**EXERCISE DESCRIPTION**.
Reproduce the full listing below unchanged, apart from the pictures.

**GIVEN DATA**.

####

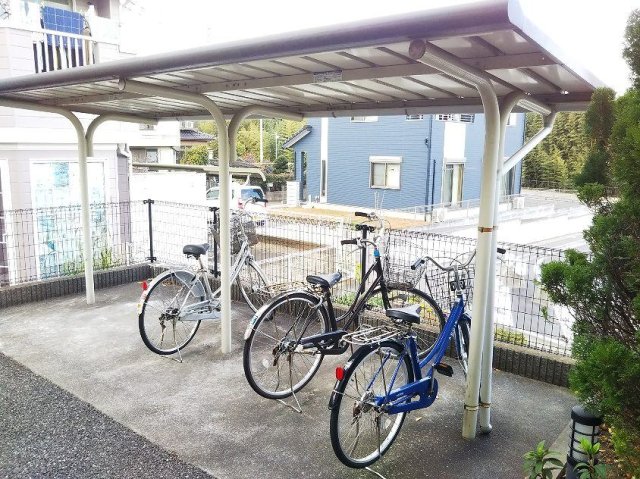 その他　駐輪場完備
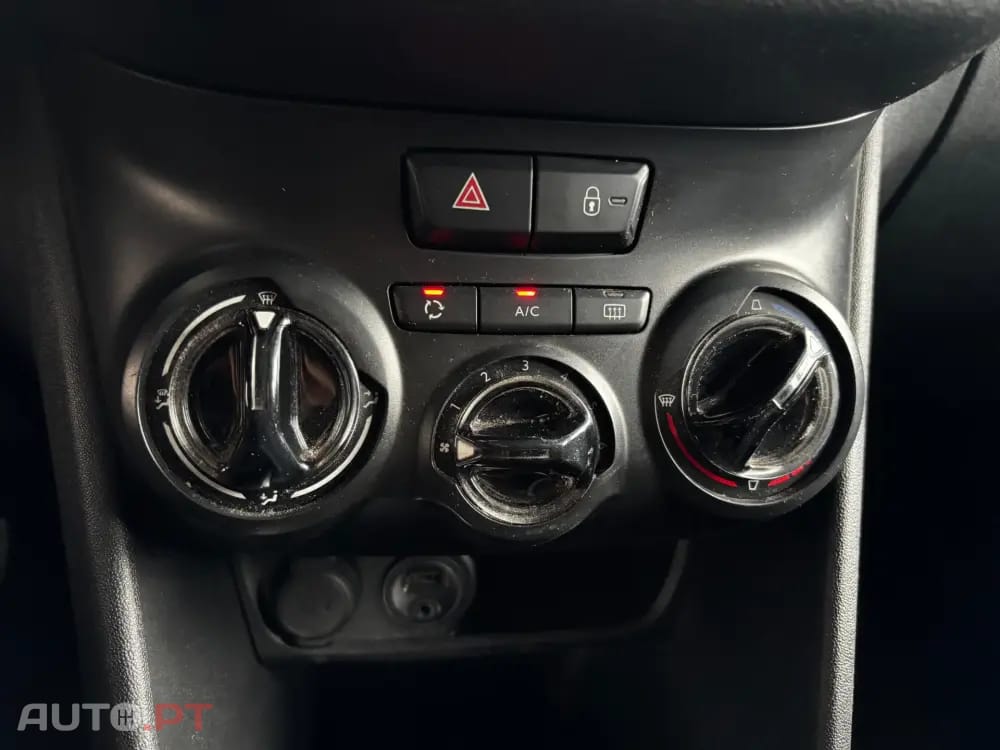 Peugeot 208 1.2 VTi Access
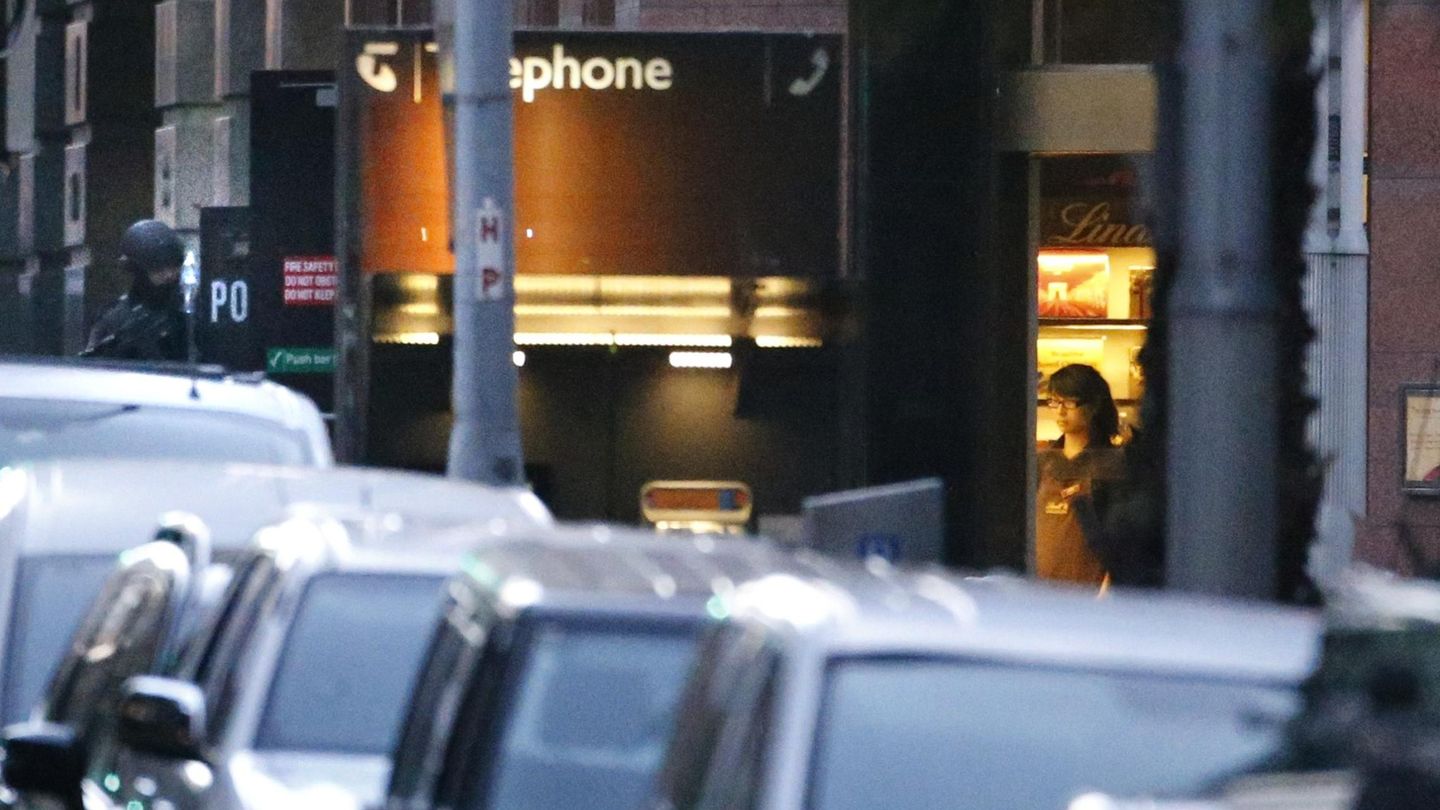 La Policía toma posiciones en torno a la cafetería de Sidney secuestrada a manos de un hombre armado (Reuters).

####

**THE ANSWER**.
 その他　駐輪場完備
 Peugeot 208 1.2 VTi Access
 La Policía toma posiciones en torno a la cafetería de Sidney secuestrada a manos de un hombre armado (Reuters).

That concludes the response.